知的障害のある被後見人とその家族が、選挙権の行使を求めた裁判で、東京地裁は違憲であることを認めて選挙権を認める判決を下しました。

http://headlines.yahoo.co.jp/hl?a=20130314-00000691-yom-soci

また政府・与党は今国会で法改正にも取り組む意向を示しています。

http://headlines.yahoo.co.jp/hl?a=20130318-00000125-jij-pol

私もこの裁判には注目していました。そして適切な判決であったと思っています。権利擁護の視点に立った判決であったと思います。

しかしながら、2つほど疑問が残りました。

ひとつは、なぜ「後見類型」であったのかということです。被後見人であるご本人の様子がテレビニュース等で拝見させていただきましたが、しっかりと自分の考えを述べるなどの様子が見られました。
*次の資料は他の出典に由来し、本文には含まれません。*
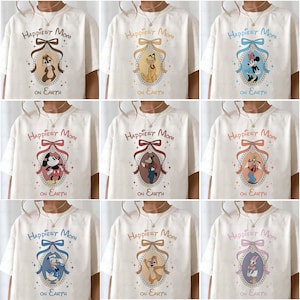 May include: Cream-colored t-shirts with various Disney character designs inside ornate frames. Each shirt features the text "Happiest Mom on Earth" above the character image, including Chip, Pluto, and Minnie Mouse. The designs are in various colors.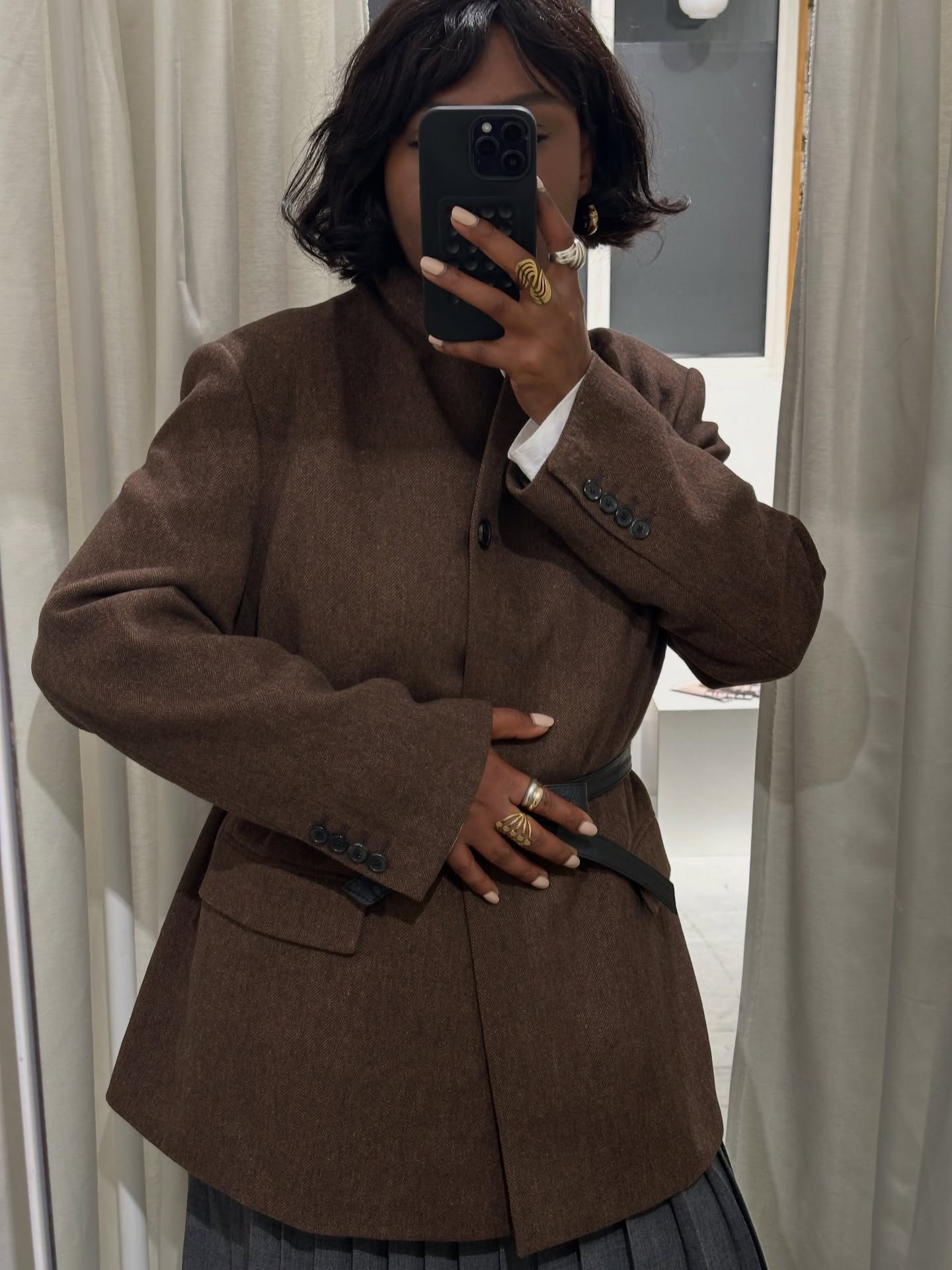 Una foto de @frannfyne tomándose una selfie en el espejo, vestida con una chaqueta marrón y las uñas pintadas de un tono blanco lechoso.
「後見」でなく、「保佐」や「補助」という選択肢も十分に考えられたのではないだろうか?

そしてもう一つは、この後見制度を利用する際に、後見、保佐、補助のそれぞれの類型によってできること、できなくなることなどの説明を誰かがすることはなかったのかということです。特に後見類型は選挙権も含めて、その方の様々な権限を制限することになります。こういった説明を誰かがする必要もあったのではないかと思いました。

後見人等が付くことによって、その人がいままでできたことを制限させてしまう機能をもっています。だからこそ制度利用の前に、十分な説明や情報提供が必要になるのだと思います。